New York farms need immigrant laborers, he said, because it’s difficult for them to find Americans wiling to work on farms.
The director of the Cornell Cooperative Extension Service for Schoharie and Otsego counties, Don Smyers, said the legislation will help upstate farmers.
“Dairy farmers are always looking for farm hands and opportunities that allow the immigrant population to work in agriculture will be much appreciated by producers,” he said. He said orchard owners and vegetable producers would also benefit from the program.
Mariane Kiraly, resource educator for the Cornell Cooperative Extension Service in Schoharie County, said the yogurt industry expansion has triggered a demand for more milk.
“If we’re going to have a booming yogurt industry, adding cows requires more labor,” Kiraly observed.
Schumer estimated that approximately 100.000 undocumented farmworkers are employed at New York farms. Under the new program, they could be entitled to gain citizenship after 10 years and would be required to pay taxes on their income. Existing law blocks dairy farms from using the temporary guest-worker visa program utilized by produce farms to find seasonal workers.
The measure would shield farms from potential federal sanctions if they employ immigrant laborers who signal that they intend to apply for an agriculture card — or “blue card.” The card would allow those workers to earn eligibility as legal permanent residents if they pay taxes and stay clear of criminal activity.

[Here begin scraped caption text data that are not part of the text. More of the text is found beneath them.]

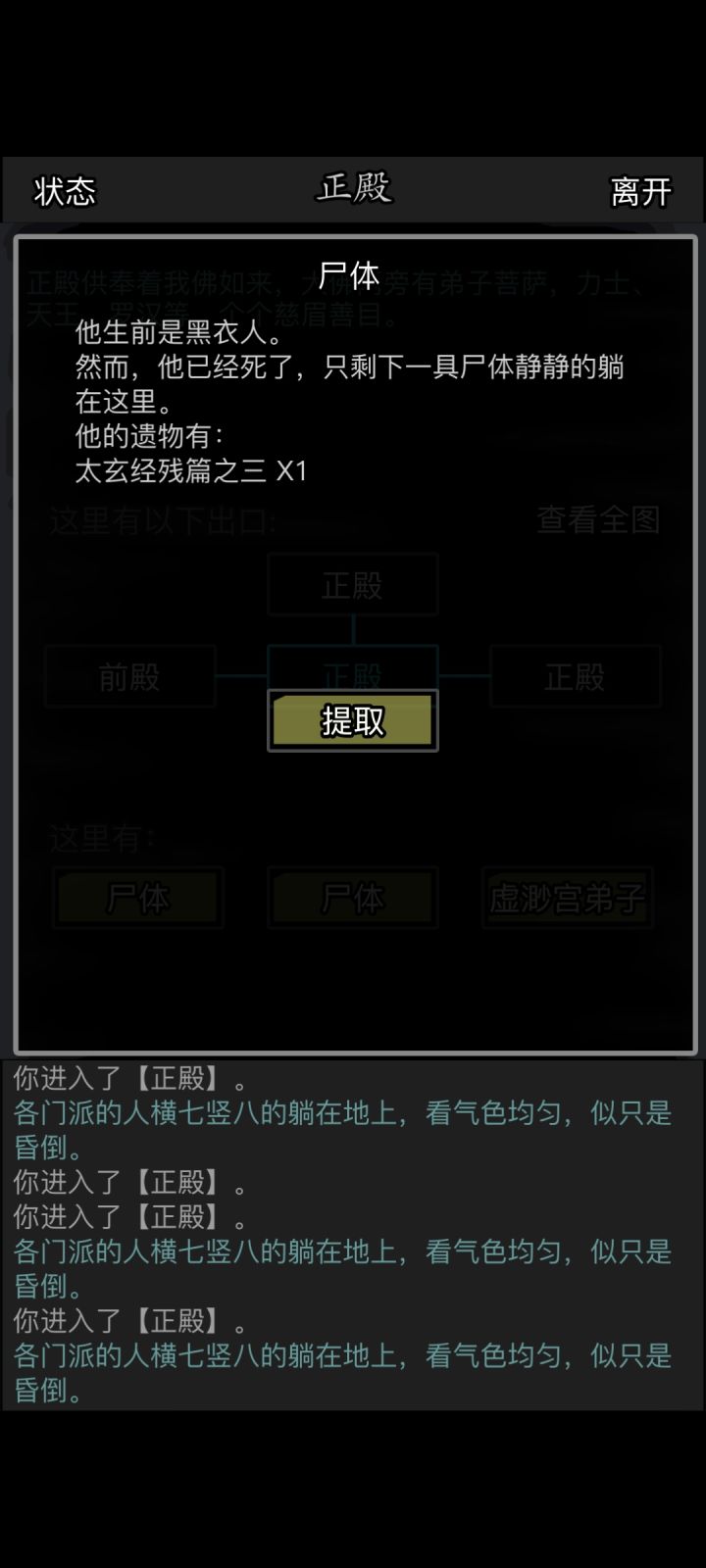 一日集齐太玄三和太玄五,一拖三,启动!截图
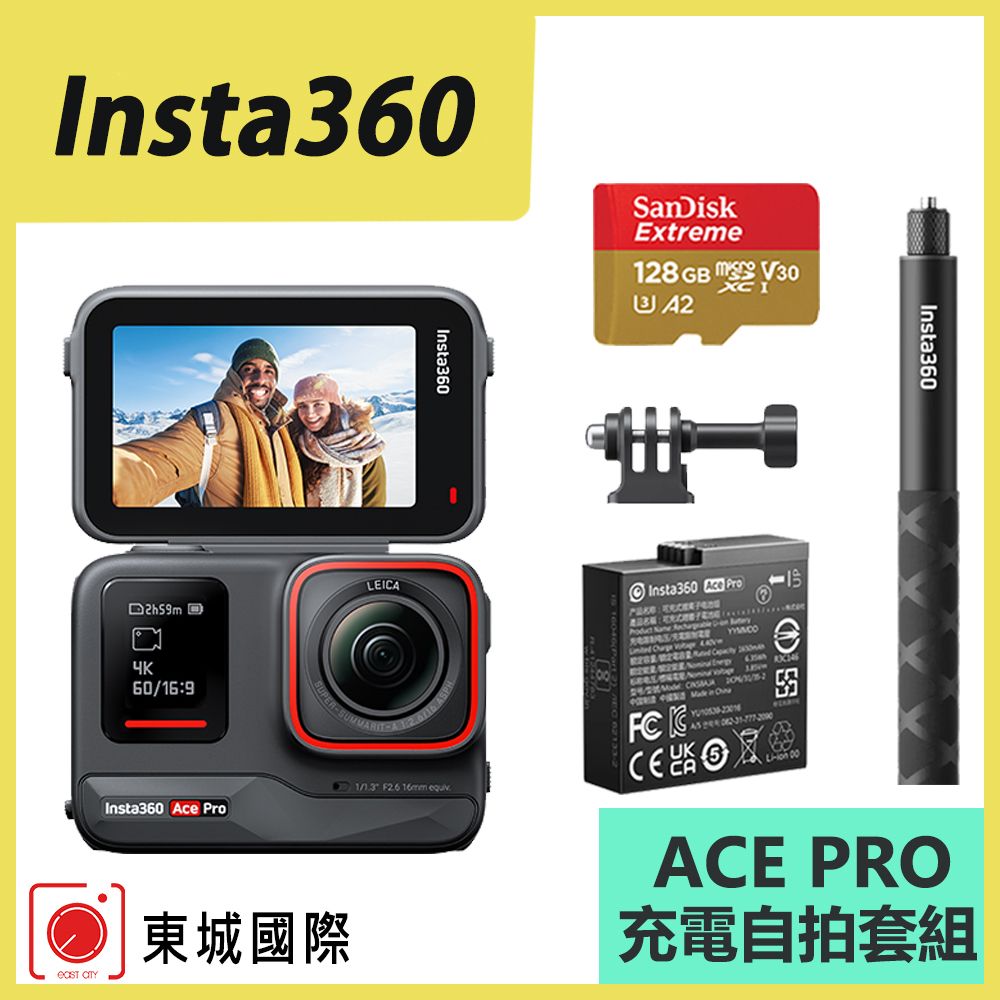 Insta360  ACE PRO 翻轉螢幕廣角運動相機(旗艦版本) 東城代理商公司貨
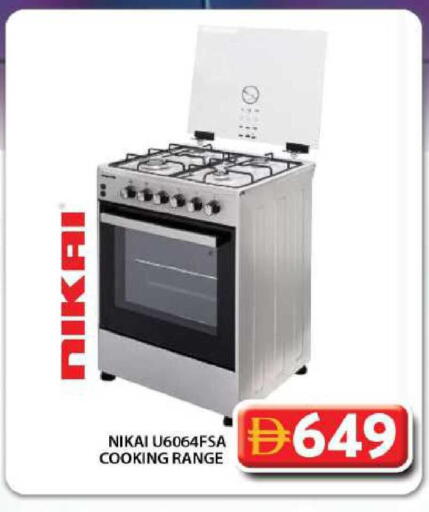 available at جراند هايبر ماركت in الإمارات العربية المتحدة , الامارات - الشارقة / عجمان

The legislation was praised by New York Farm Bureau President Dean Norton, who has a dairy farm in western New York. He said the measure would improve the ability of New York farms to compete with farms in southern states by making more immigrant farm laborers available to New York employers.
“We still have a lot of work to do, but it’s a great starting point,” Norton said.
The program would require employers to register with the U.S. Department of Agriculture as a designated agriculture employer.
If a worker were to become unemployed for more than 50 consecutive days, he or should would lose their status and be required to leave the United States.